[Crawled caption data]
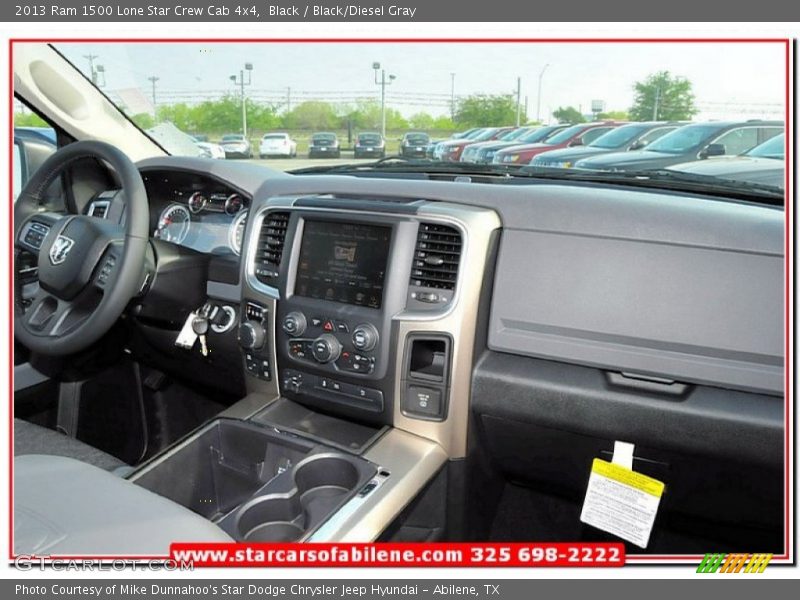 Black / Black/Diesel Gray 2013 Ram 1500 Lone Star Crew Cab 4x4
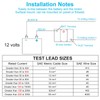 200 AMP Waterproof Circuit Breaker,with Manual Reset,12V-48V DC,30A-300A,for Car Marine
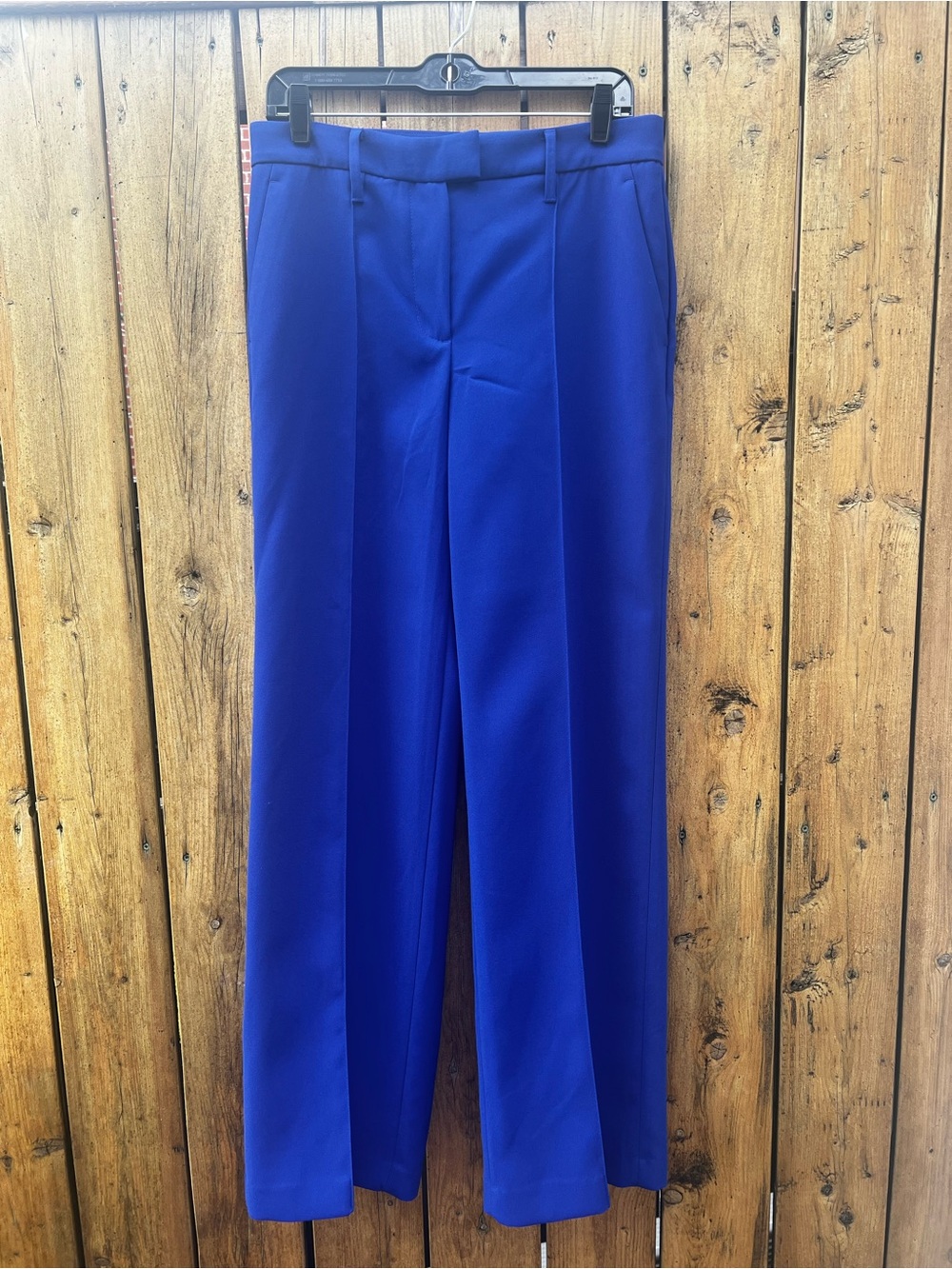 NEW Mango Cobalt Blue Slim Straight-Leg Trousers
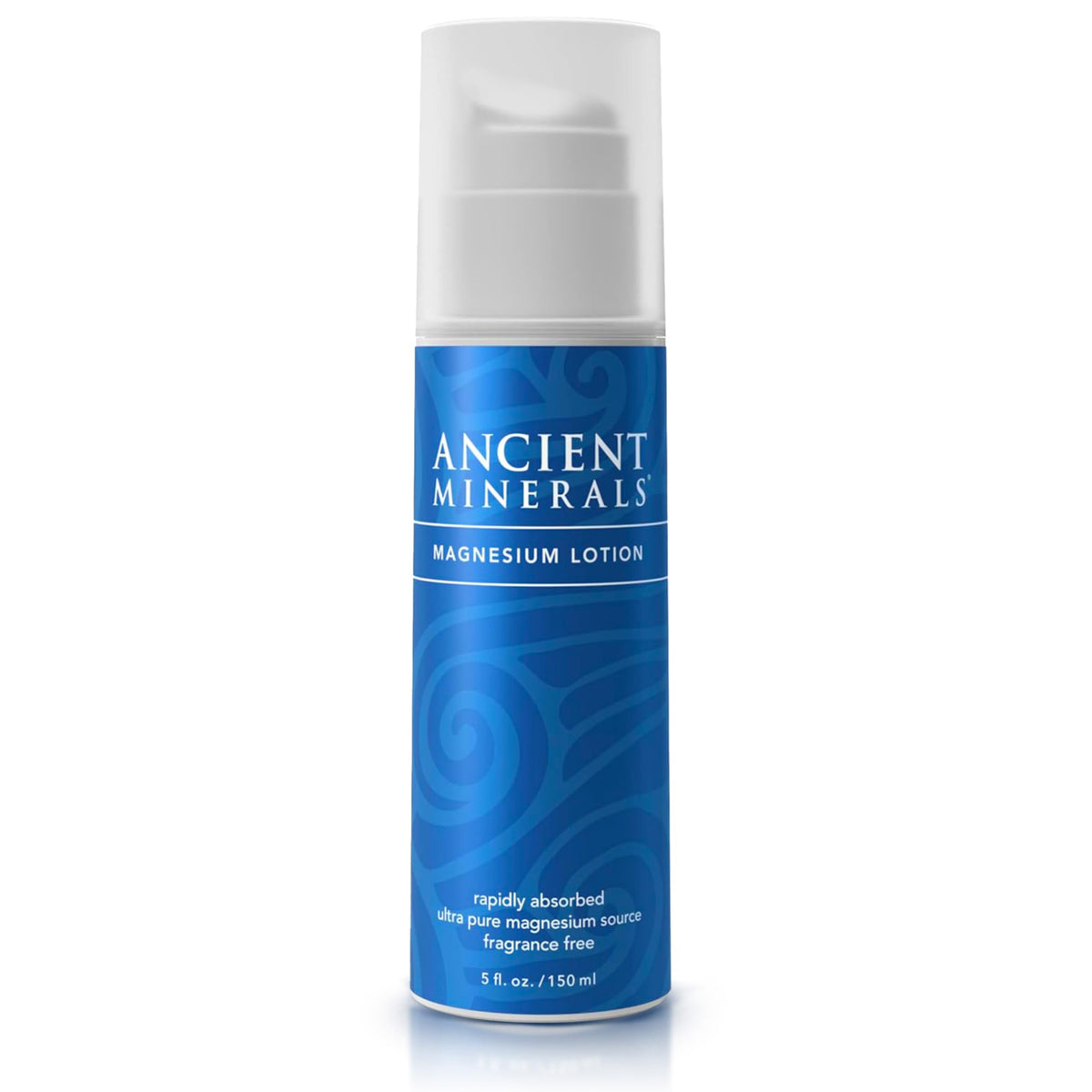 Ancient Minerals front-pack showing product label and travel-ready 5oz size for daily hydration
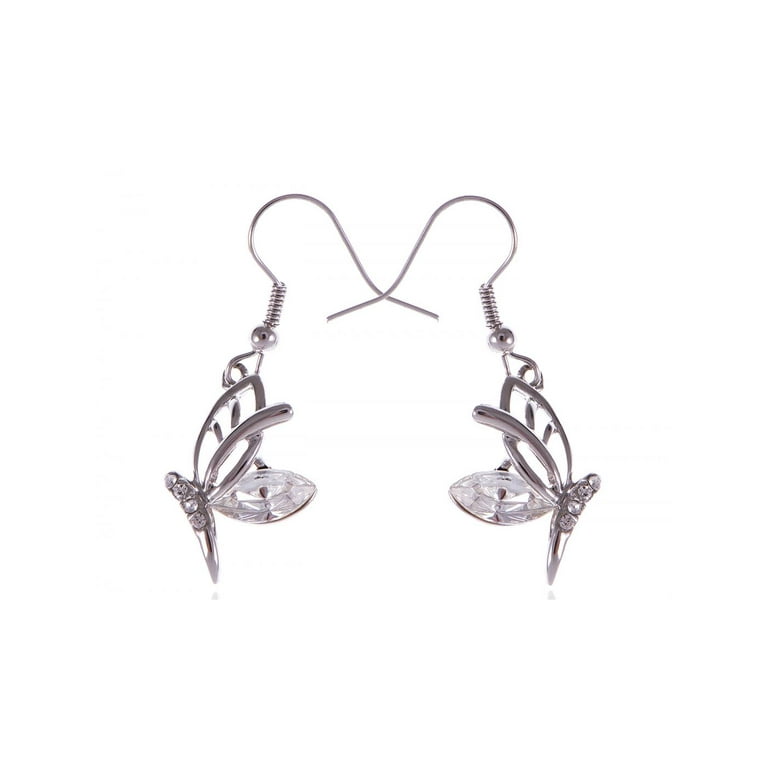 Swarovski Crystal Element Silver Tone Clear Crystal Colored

EXERCISE DETAILS -
Leave every picture out and copy precisely the lines from the one containing "Ancient Minerals front-pack" through the last line of the data above, both ends included.

ANSWER SECTION -
 Ancient Minerals front-pack showing product label and travel-ready 5oz size for daily hydration
 Swarovski Crystal Element Silver Tone Clear Crystal Colored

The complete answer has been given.